Source: European Medicines Agency (EU) Revision Year: 2022 Publisher: N.V. Organon, Kloosterstraat 6, NL-5349 AB Oss, The Netherlands
Pharmacotherapeutic group: Psycholeptics, antipsychotics
ATC code: N05AH05
The mechanism of action of asenapine is not fully understood. However, based on its receptor pharmacology, it is proposed that the efficacy of asenapine is mediated through a combination of antagonist activity at D2 and 5-HT2A receptors. Actions at other receptors e.g. 5-HT1A, 5-HT1B, 5-HT2C, 5-HT6, 5-HT7, D3, and a2-adrenergic receptors, may also contribute to the clinical effects of asenapine.
Asenapine exhibits high affinity for serotonin 5-HT1A, 5-HT1B, 5-HT2A, 5-HT2B, 5-HT2C, 5-HT5, 5-HT6, and 5-HT7 receptors, dopamine D2, D3, D4, and D1 receptors, α1 and a2-adrenergic receptors, and histamine H1 receptors, and moderate affinity for H2 receptors. In in vitro assays asenapine acts as an antagonist at these receptors. Asenapine has no appreciable affinity for muscarinic cholinergic receptors.
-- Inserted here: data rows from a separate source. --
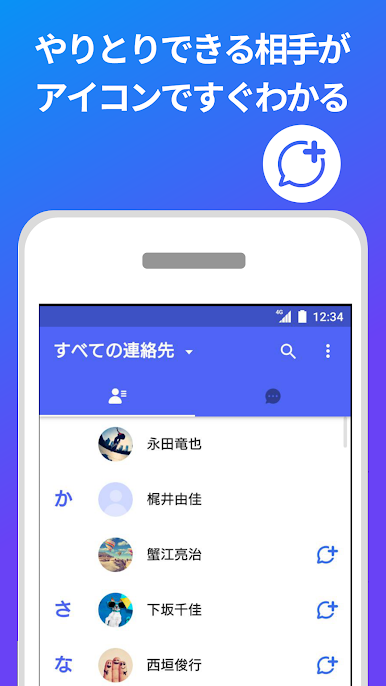 https://cdn-icon.bluestacks.com/19_BaG09Hj4CwfXp2sJzke2noGqj8pGbo_8pI52hh2u8vrKnZe0J2Sr8ozhw6jknYnynpu5_sVeApD9mFkOjPkg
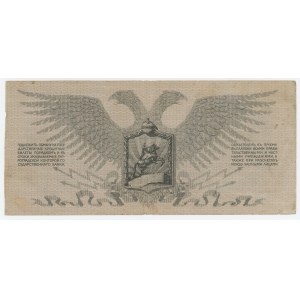 Russia - Northwest Field Treasury Udenich 25 Roubles 1919
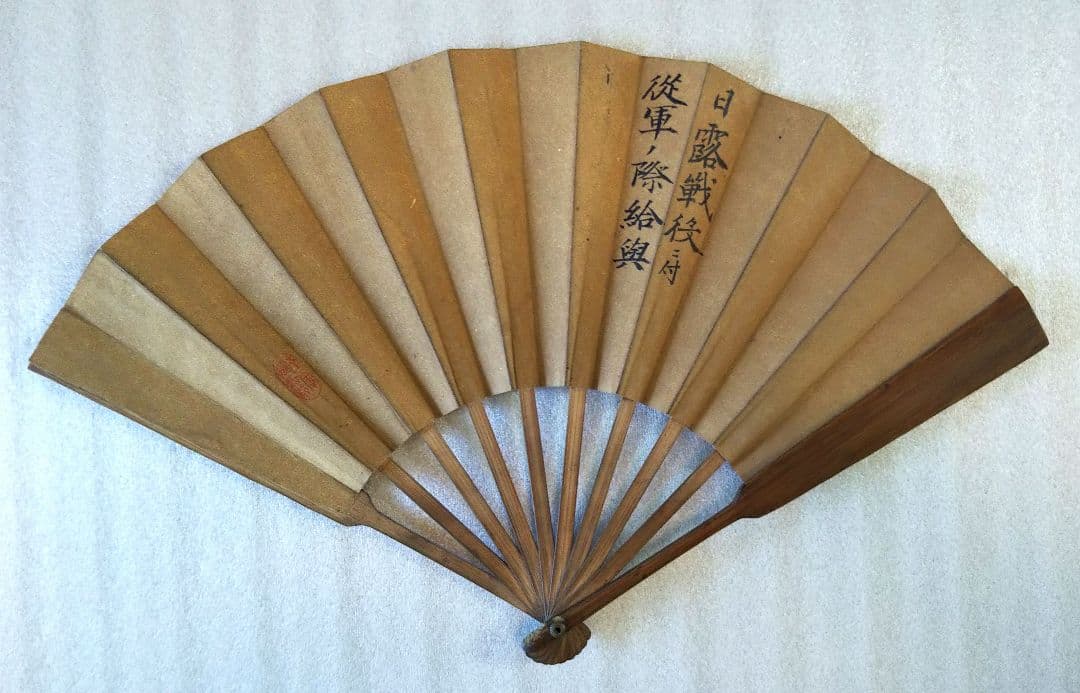 【超希少／明治／骨董品】日露戦争 扇子 陸軍印鑑入 陸軍 従軍 明治時代 肉筆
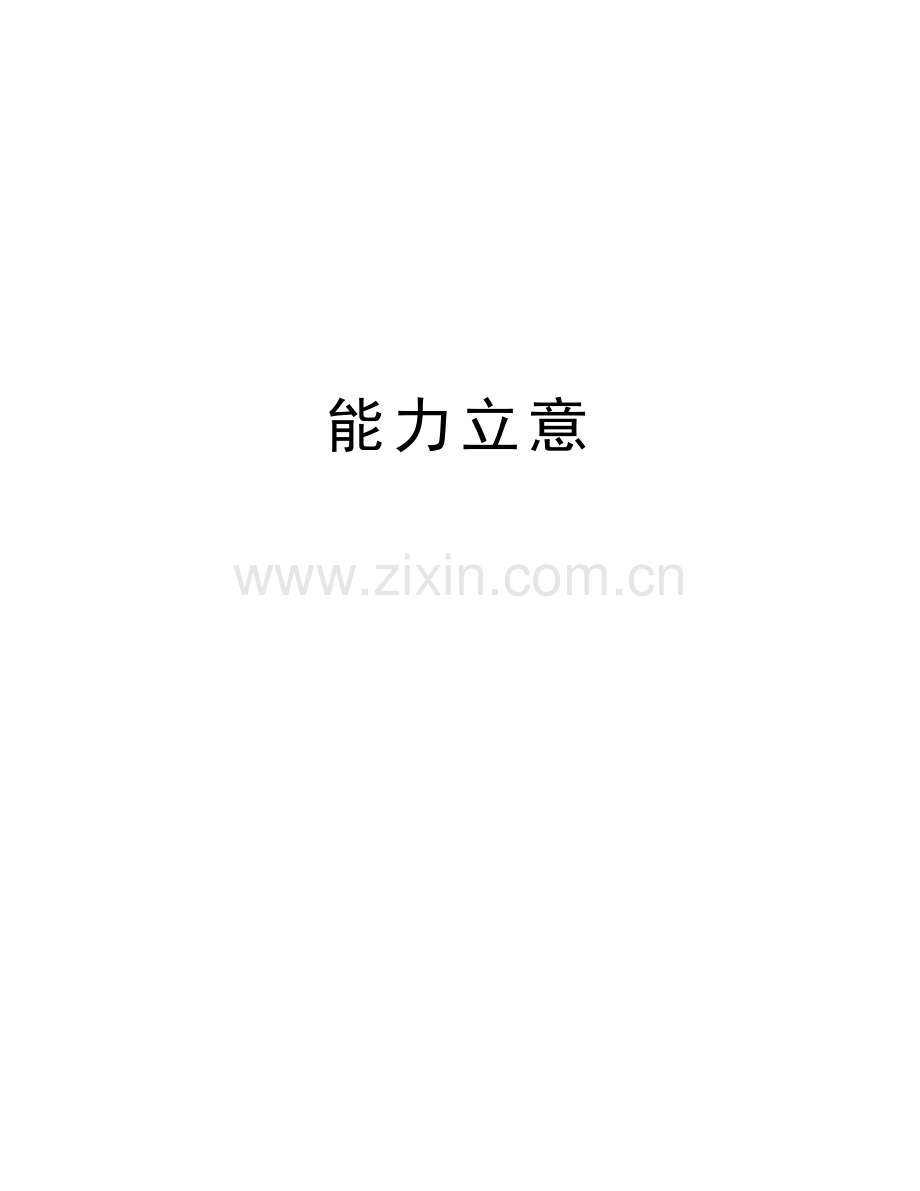 能力立意教学文案.doc_第1页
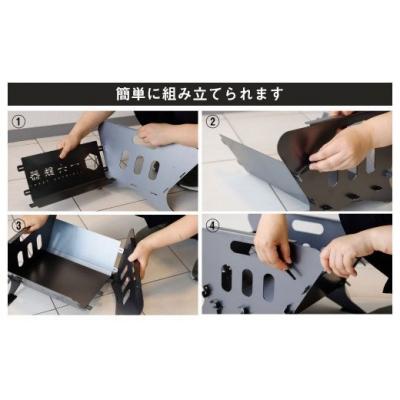 ふるさと納税 幸田町 焚き火台 「一六鉄器 黒皮鉄」 組み立て式 収納袋つき   アウドドア キャンプ |  | 02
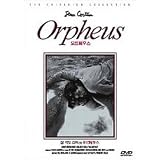 Orpheus [1950, IMPORT, ALL REGIONS]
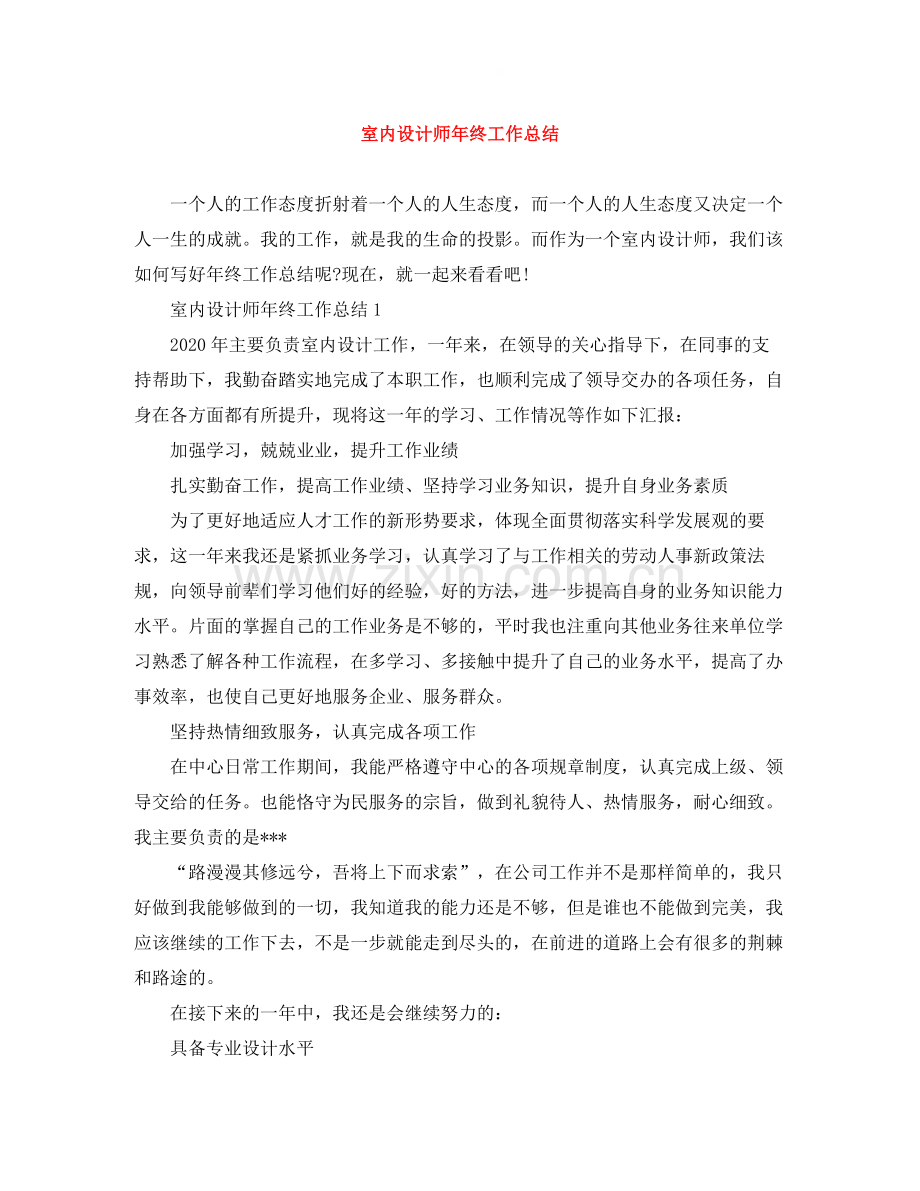 室内设计师年终工作总结4.docx_第1页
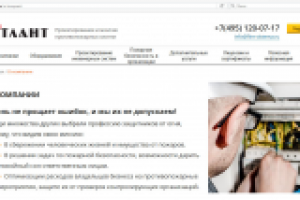 Контент для сайта по пожарной безопасности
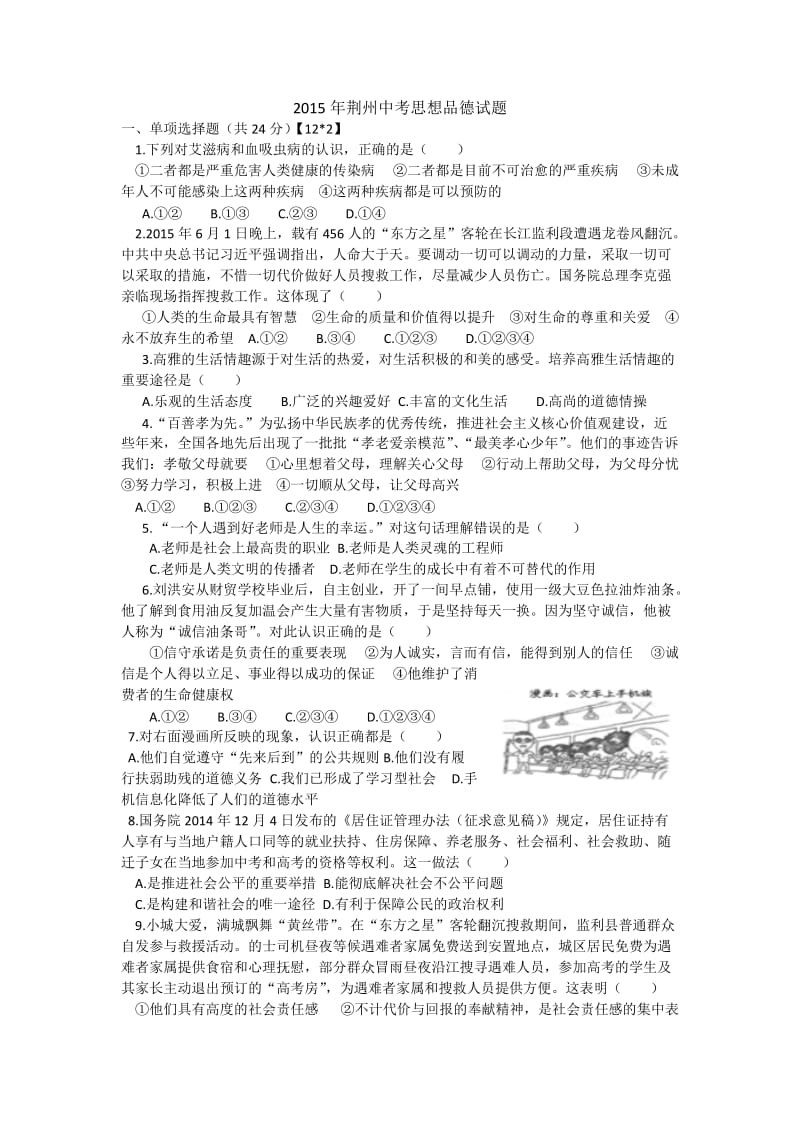 2015年荆州中考思想品德试题(含答案).docx_第1页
The efficacy of asenapine in the treatment of a DSM-IV manic or mixed episode of bipolar I disorder with or without psychotic features was evaluated in two similarly designed 3-week, randomized, double-blind, flexible-dose, placebo- and active controlled (olanzapine) monotherapy trials involving 488 and 489 patients, respectively. All patients met the Diagnostic and Statistical Manual of Mental Disorders, 4th Edition (DSM-IV) diagnostic criteria for bipolar I disorder, current episode manic (DSM-IV 296.4x), or mixed (DSM-IV 296.6x) and had a Young Mania Rating Scale (Y-MRS) score of >20 at screening and baseline. Patients with rapid cycling were excluded from these studies. Asenapine demonstrated superior efficacy to placebo in the reduction of manic symptoms over 3 weeks. Point estimates [95% CI] for the change from baseline to endpoint in YMRS using LOCF analysis in the two studies were as follows: -11.5 [-13.0, -10.0] for asenapine vs -7.8 [-10.0, -5.6] for placebo and -10.8 [-12.3, -9.3] for asenapine vs -5.5 [-7.5, -3.5] for placebo.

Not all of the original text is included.